Greater Financial Flexibility

Dividing your money into several CDs also makes it more accessible. Since each CD comes with costly penalties for withdrawing the funds before the end of the term, earning a good return requires avoiding early withdrawals completely. Having your money distributed across multiple, shorter terms ensures that you'll always be close to having penalty-free access to at least a portion of that money. By contrast, putting everything into one long-term CD will mean that any unexpected financial need will force you to break the CD and return the interest you've earned.

If you open CDs on an overlapping basis, it's possible to have some of your savings available on a near-constant basis for emergencies. For example, you might open a 3-month and a 6-month CD in January. When the first CD comes due at the beginning of April, you'll only need to wait three more months for the longer CD to end. And because many banks automatically renew your CDs if you don't actively change them, you can simply let them roll over if you don't need to withdraw the money. Depending on how frequently you need access to your savings, you can simply add more rungs to your ladder by adding more CDs in between.
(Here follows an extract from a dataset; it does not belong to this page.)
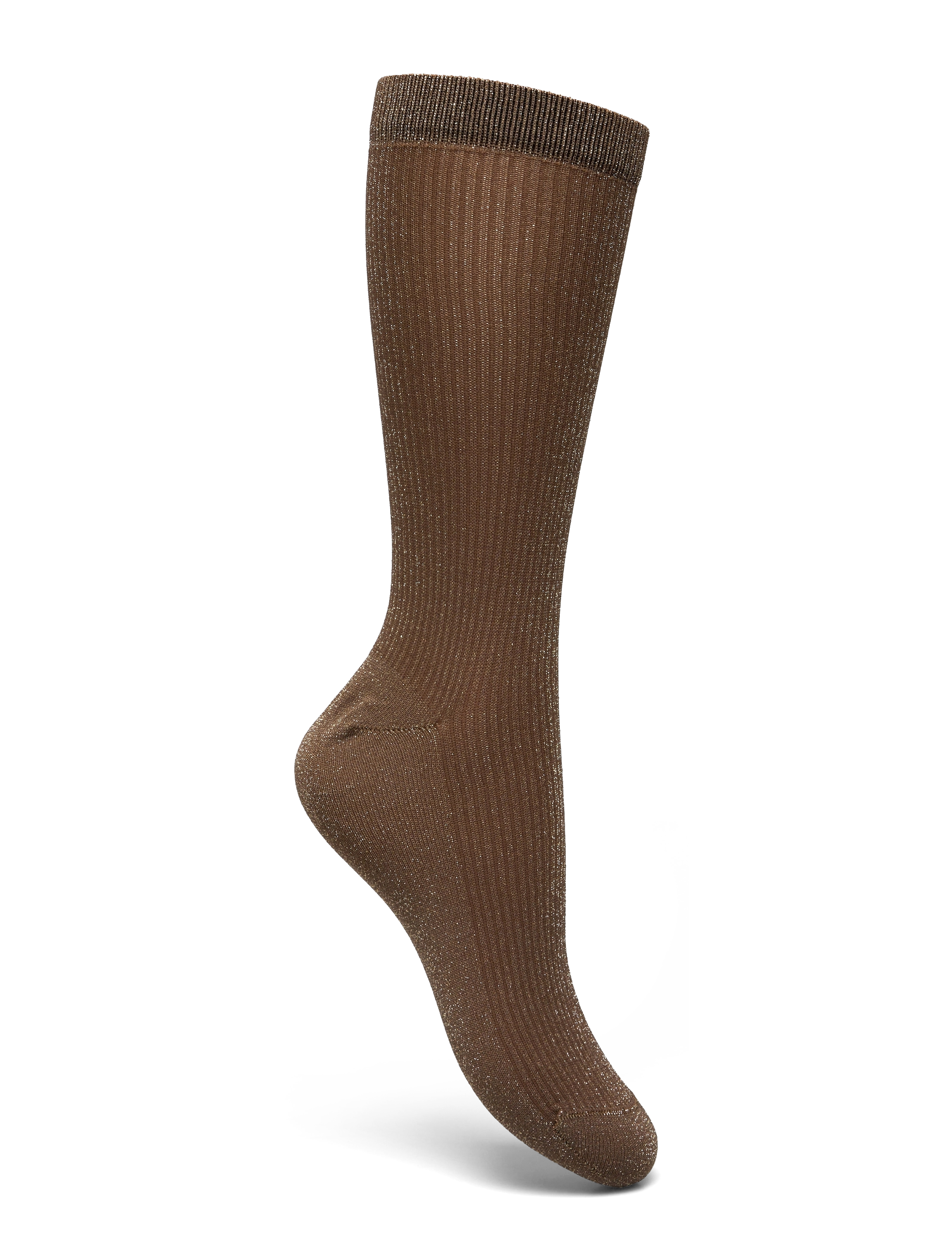 Swedish Stockings - Magda Shimmery Socks - mid brown - 2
Laddering isn't limited to CDs, by the way. Any financial vehicle with a fixed return and a maturity date can be laddered, including bonds. One advantage to laddered bonds, compared with laddered CDs, is the effect on your taxes. While bonds are taxed according to the capital gains rate of 15% or 20%, the interest you earn on certificates of deposit are taxed at a rate equal to your income bracket. Since for most people, income tax rates are higher than the capital gains rate, interest earned from CDs will be taxed more heavily than those from non-insured investments such as bonds.